Ben küçükken düşünürdüm. Milyarlarca hayvan var, binlerce yıldır ölen hayvanların cesetleri nerede acaba? Denizde et yiyen balıklar, karada ise akbabalar, kartallar, solucanlar, karıncalar, kurtlar gibi hayvanlar temizlik işçisidir.

Ve toprağın yüzeyinde yapraklar ve koku yapan atıklar, dönüşüm makinesi gibi toprağa karışır. O çirkin görünüşlü gübreler ve yaprak kalıntıları bir dahaki senenin çiçek ve meyveleri olur.

İnsan vücudunda da alyuvarlar ve akyuvarlar, hücreler içindeki atık maddeleri dolaşarak temizlerler. Aynı bir çöp arabasının bütün sokaklardaki çöpleri toplaması gibi. Ve aldığımız nefes, kandaki karbondioksiti dışarı atarak kanımızı temizler. Soluduğumuz havayı da ağaçlar fotosentezle temizler.

Bir arkadaşım Dikmen’de oturuyor. Akşamları Kızılay’a bakıyor. Egsoz gazlarıyla Kızılay’ın üstünü kara bir duman kaplarmış. Sabah namazında yine camdan bakarmış. Pırıl pırıl gökyüzü, yıldızlar görünürmüş. Rüzgar, geceleri şehrin üstündeki havayı temizliyor. Yağmur, her canlının su ihtiyacını karşılaması yanında aynı zamanda sokakları, bitki ve ağaçları yıkar, temizler.Kainattaki bu temizliğe binlerce örnek verilebilir.
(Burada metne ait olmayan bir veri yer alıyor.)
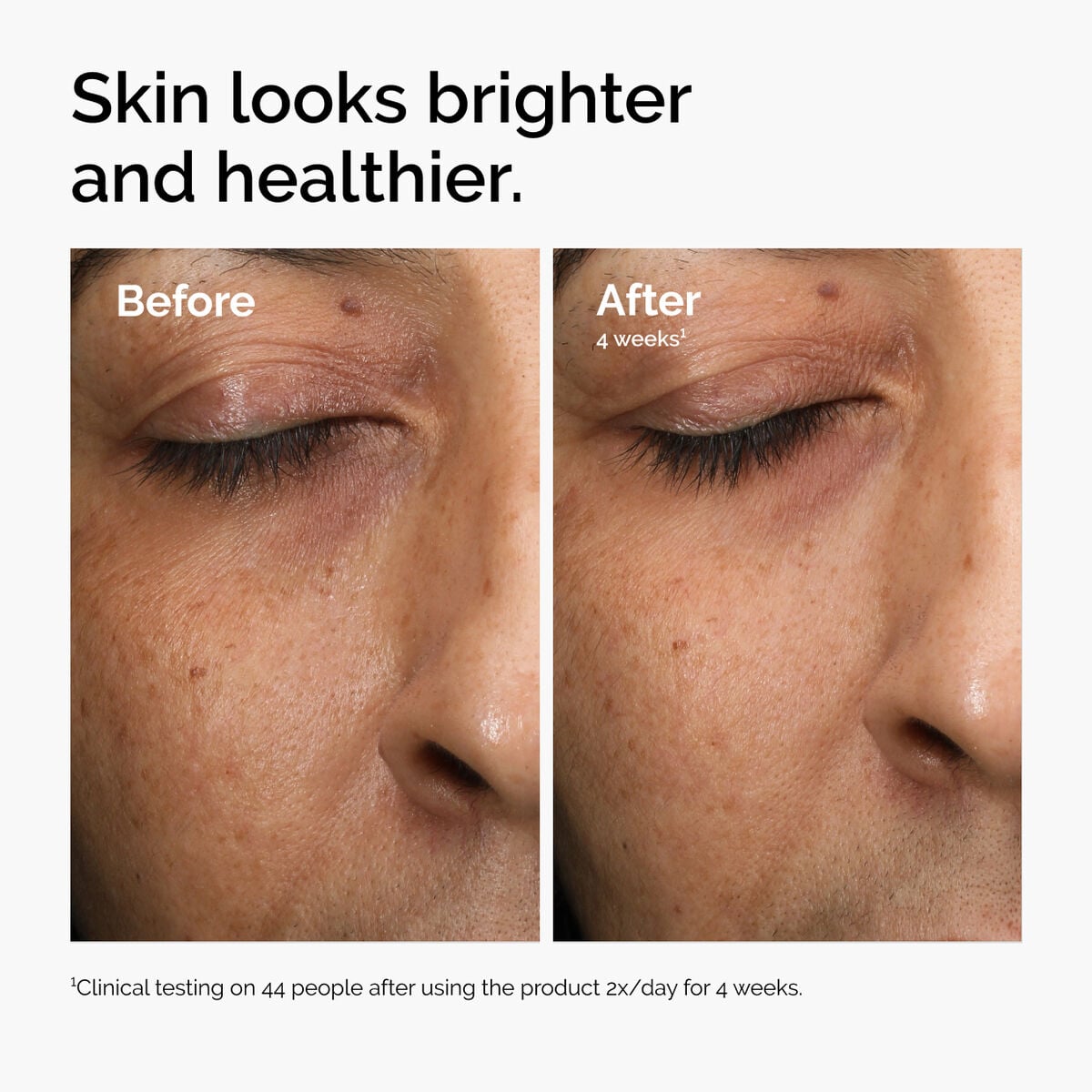 multi-antioxidant-radiance-serum-w2 ord-mars-before-after-healthy.jpg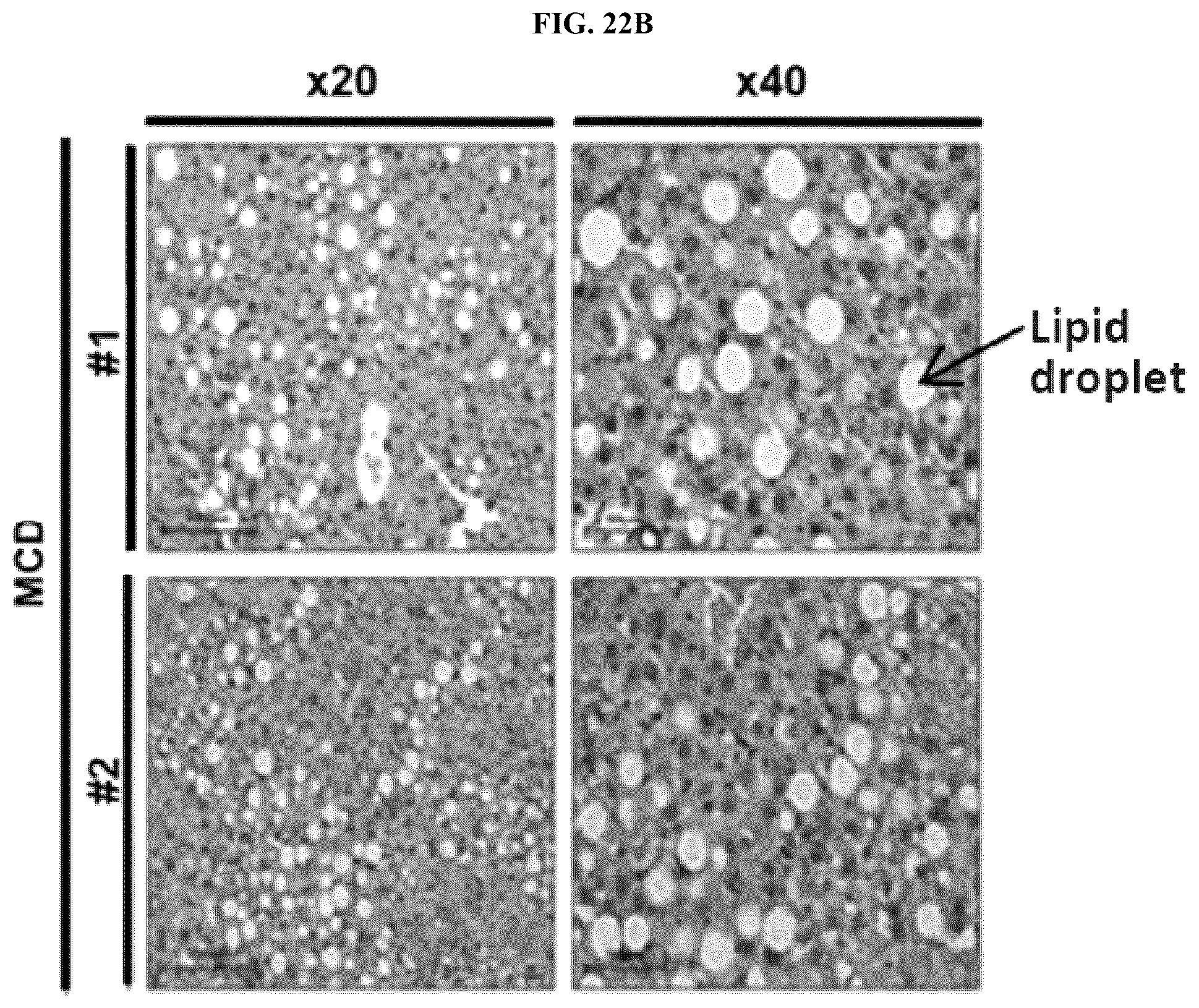 Patent US12576107 Figure 13 – Methods of treating chronic inflammatory diseases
Akılsız, şuursuz bir hücre, rüzgar, karınca, yağmur, kara delik, bir ağaç vs... Tabi ki böyle sistemli bir temizliği kendi başına yapamaz. Demek ki, onlara temizleyin emrini veren ve bu temizliği nasıl yapacağını öğreten biri var.

O da sonsuz ilim, kudret, hikmet, irade, merhamet, hayat sahibi Allah’tır.

Boşa geçirilen anlar

Hepimiz biliyoruz ki ölüm yaklaşıyor ve büyük bir hızla ahirete doğru gidiyoruz. Önümüzde dehşetli bir azap yurdu cehennem var. Dünyaya dalıp, ölümü ve ahireti unutup, günahlarla ibadetten uzak, ömür geçiren nice insanlarımız var.

Evet, nasıl ki karşımızda bir dostumuz veya yakınımız, diri diri alevlerle tutuşsa nasıl söndürmeye koştururuz, çabalarız, su dökeriz. Aynen bunun gibi cehennemde yanması muhtemel insanlara da öyle koşturmamız lazım...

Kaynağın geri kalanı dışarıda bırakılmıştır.